SEGUNDO.- El recurso plantea los siguientes motivos, primero, revisión de la prueba en relación a la inexistencia de error por vicio de consentimiento e incumplimiento del deber de información, segundo, inexistencia de error al ser el cómputo global de la inversión favorable a los demandantes.
(i) Revisión de la prueba sobre el error invalidante del consentimiento.
Como punto de partida, y a modo de centrar la cuesti ón a resolver en esta instancia, debe indicarse que frente a la acción de nulidad o anulabilidad de las órdenes de compra de productos financieros, ya identificados en la anterior exposición, cuyo fundamento es la inexistencia de una información comprensible para su perfil de cliente minorista y sin experiencia en esa clase de productos financieros, la sentencia acoge la posición de los demandantes y estima la demanda al considerar que Banco Pastor no cumplió los requisitos legalmente establecidos para informar al cliente de las características y riesgos del producto financiero que contrataba y prueba de ello es que la única documentación aportada es la orden de compra de valores de 11 de septiembre de 2008 y la demanda se remite a la información que sobre el producto financiero se encuentra en páginas web pero no hay constancia de su entrega y firma por el demandante que permita presumir que si le facilitaron información sobre las características del producto, su calificación como complejo y de alto riesgo. Igualmente consta que no se le practicó test de idoneidad y el de conveniencia, sus conclusiones son infundadas y responden a un estereotipo pues sin información precontractual y sin poder analizar el contenido de la información facilitada es difícil examinar si el demandante asumía como riesgo la perdida de parte de su inversión y a corto plazo, máxime cuando el declara en prueba de interrogatorio que en todo momento se le indicó que se trataba de un producto similar a un plazo fijo, única forma de inversión que admite su cultura financiera, acorde con su perfil conservador. No puede deducirse como pretende la recurrente que se trata de un inversor que asuma riesgos, se trata de un inversor de perfil conservador confiaba en el Banco Pastor para asegurar una inversión cuyo capital procedía de una indemnización laboral, fue el eje de su relación contractual con la entidad que le aconsejó la contratación de ese producto financiero. Se acredita sin género alguno de duda que Banco Pastor realizó una recomendación para la contratación del producto.

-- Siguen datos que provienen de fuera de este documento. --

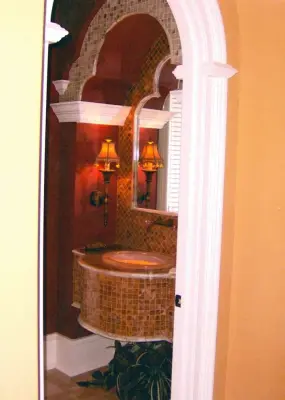Martinez Custom Tile - Kitchen Remodeling in Hutchinson, KS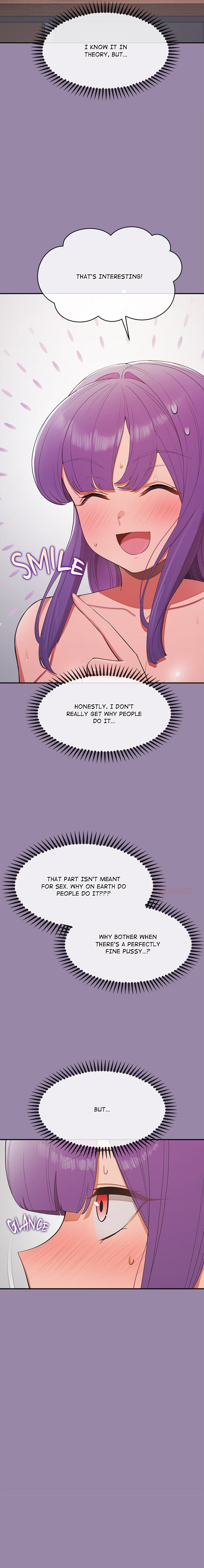 The Seed of Destiny Page 7 - MangaHe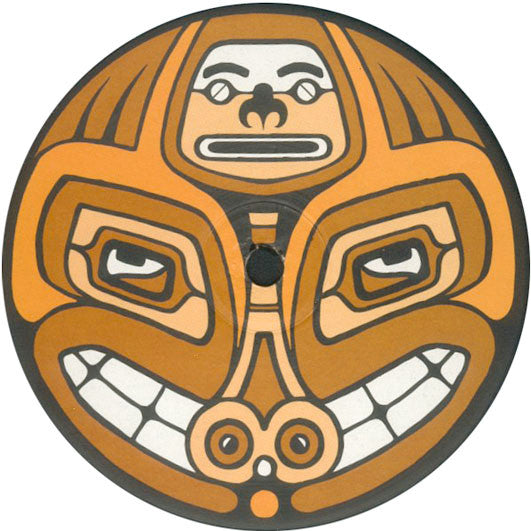 Blakhook Project : Tropical Feedback (12")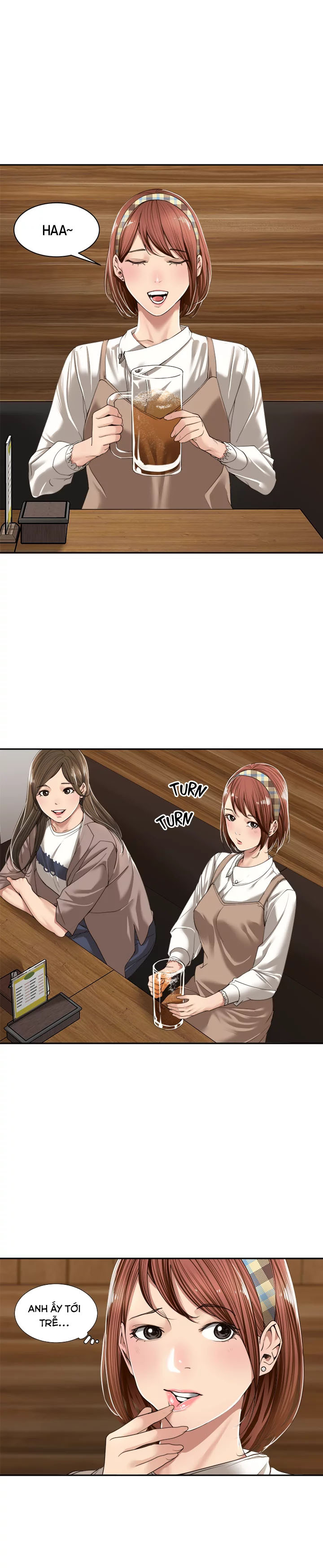 trên tình bạn dưới tình yêu chapter 11 2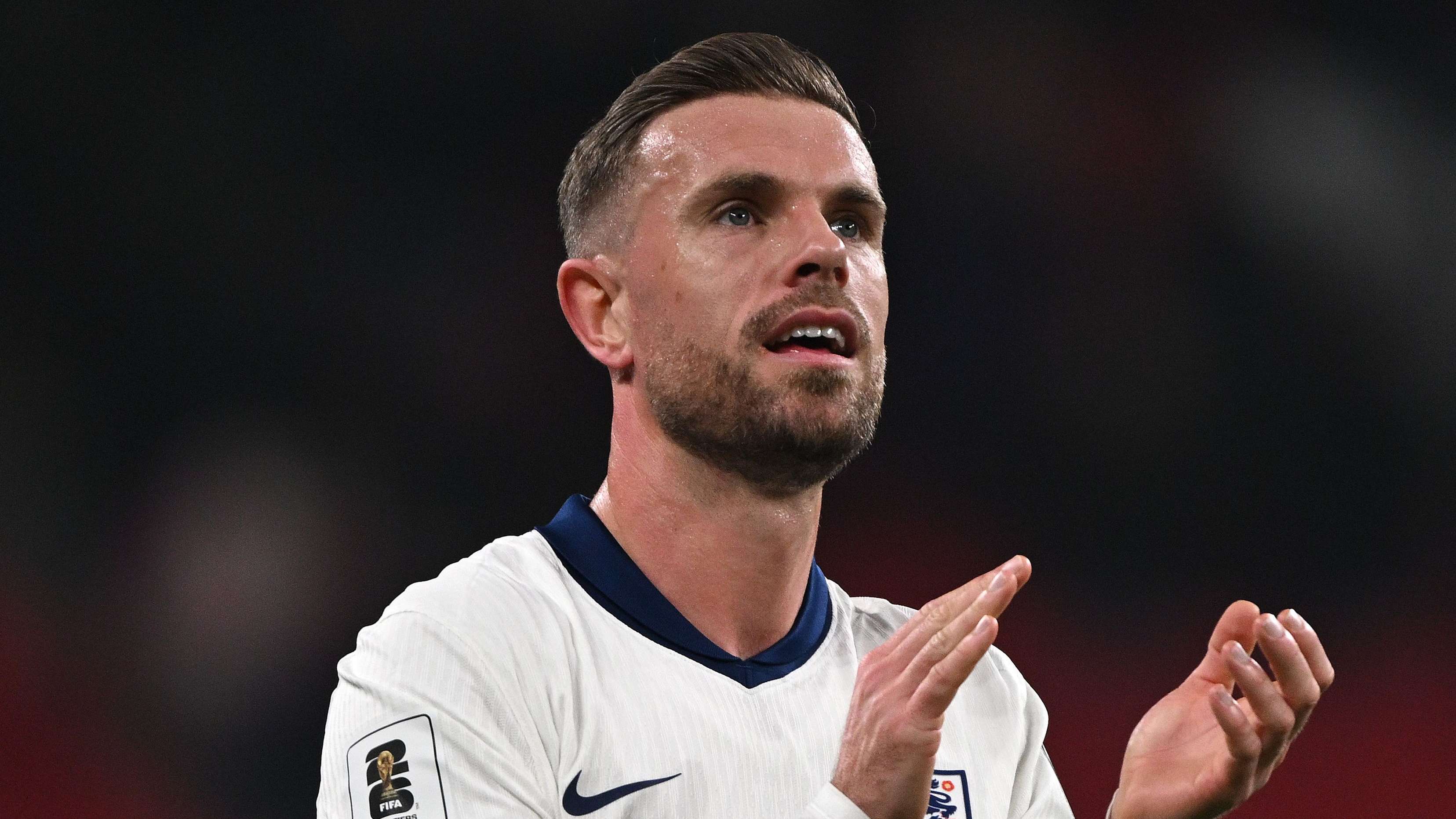 Tuchel insists he WON'T drop Henderson from England squad   Tuchel insists he WON'T drop Henderson from England squad
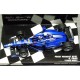 Prost Peugeot AP01 "Tower Wings" O.Panis 1998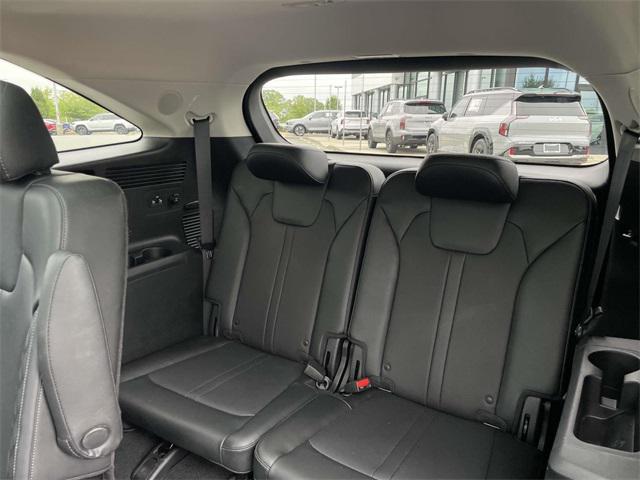 used 2022 Kia Sorento car, priced at $28,990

Al tribunal de instancia le corresponde la facultad de valorar la prueba y es revisable en apelación. La apelante pretende en su primer motivo de apelación una revisión de la prueba en el sentido de que se declare que la información facilitada era que se trataba de un producto seguro, y para declarar que no lo era es necesario acreditar el riesgo en la contratación que no se produce atendiendo a la subsistencia del producto y a su cotización al no verse afectado por la resolución del FROB sobre el Banco Popular y su cotización en enero de 2020 en 55.592 € lo que supone un saldo final de la inversión de 9508,71 € en favor del demandante.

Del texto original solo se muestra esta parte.